[SOLVED] High-Availability + CARP IP + No Traffic

Started by romain, July 07, 2015, 06:11:27 PM

Previous topic - Next topic
July 07, 2015, 06:11:27 PM Last Edit: August 07, 2015, 10:05:26 AM by franco
Hello,

i continue to test deeply OpnSense but I encounter a trouble.

I have two identical boxes with 4x1Gbe Intel ports and 2x 10Gbe Emulex ports. I have a lagg configured as failover for the two 10Gbe ports. I have 5 tagged vlans going though this lagg. Everything working fine.

i tried to configured HA between the two boxes. I added my Carp VIPs on every vlans but I have strange behaviour with it.

The gateway of my every vlan subnets are my Carp VIPs. Everything seems to be okay on the OPNSense side. The master manages and deals the CARP IP and the backup is waiting for a failure of the master (when I reboot the master, the backup takes correctly the VIPs) However, if I try to ping or go through the CARP IP nothing works unless I use a machine on FreeBSD too.
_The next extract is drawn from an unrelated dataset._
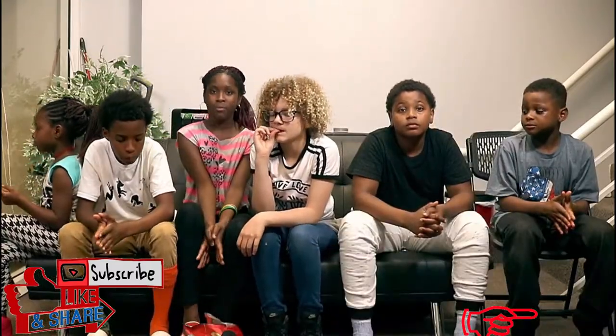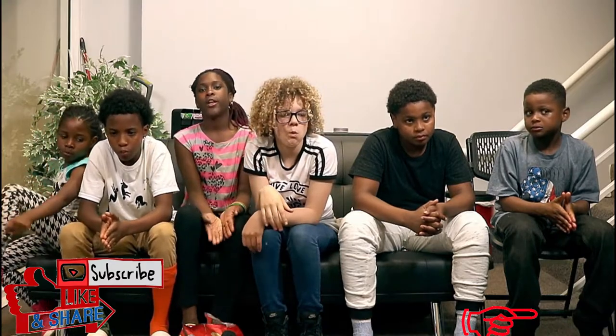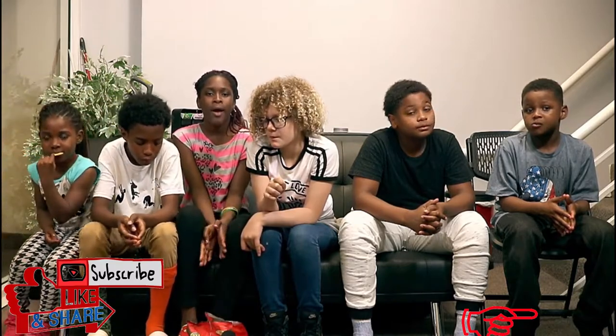That's it for today from Family Fun Channel 9. Hope you liked our video. Be sure to go to our website, robbydental.com. Enjoy, goodbye, bye bye!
In that case it's works. If I take a windows machine plugged on the same switch with the same tag configuration, it's not working at all.

If I look deeper, I can see that every two firewall can ping and reach the windows machine through their own IP. if I do a ping -S VIP_ADDRESS IP_WINDOWS it's not working.
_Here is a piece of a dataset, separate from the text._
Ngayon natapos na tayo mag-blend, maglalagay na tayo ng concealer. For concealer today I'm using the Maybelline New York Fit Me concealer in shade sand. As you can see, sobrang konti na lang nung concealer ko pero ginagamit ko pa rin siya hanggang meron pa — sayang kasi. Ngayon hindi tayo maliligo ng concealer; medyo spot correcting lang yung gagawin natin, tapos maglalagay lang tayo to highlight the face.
On the other side, if I try to ping the VIP of the subnet, I have a timeout. But if I look the arp table I can see the right mac address defined by the carp prototol (00:00:...:01).
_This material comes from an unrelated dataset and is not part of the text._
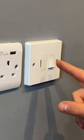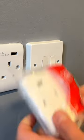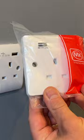Swapping out a disused spur for a socket compatible for charging an iPad.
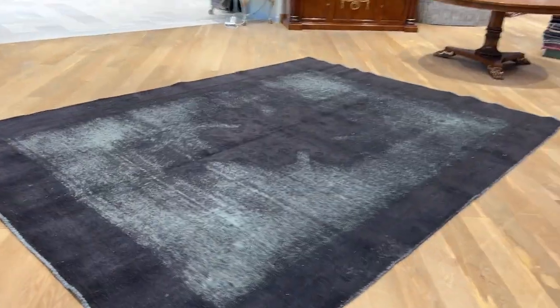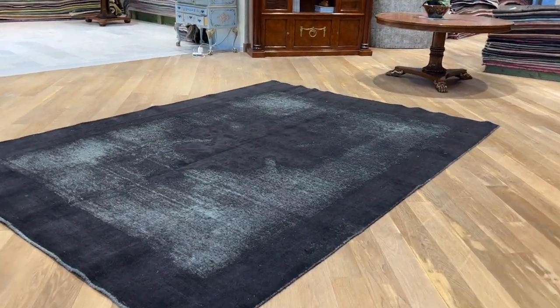And if you step back, the carpet just becomes a more even black — a jet black tone with a lack of shine because it has more wool.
I tried to deactivate the firewall to see if my issue was related to some missing rules but not.. it's not working better.

I'm pretty sure my CARP are okay because the WAN Side works well with a OpenVPN server. 

Does someone have idea of what going on and what I'm doing wrong ?

Please let me know if you need any more information ?

Romain

July 07, 2015, 09:02:40 PM #1 Last Edit: July 07, 2015, 09:05:15 PM by romain
I continue to debug. I found two things very strange :

The CARP Announcement packet have public IP inside.. I should not only have same subnet IP (my two firewall are in 172.28.11.101 and 172.28.11.102) ?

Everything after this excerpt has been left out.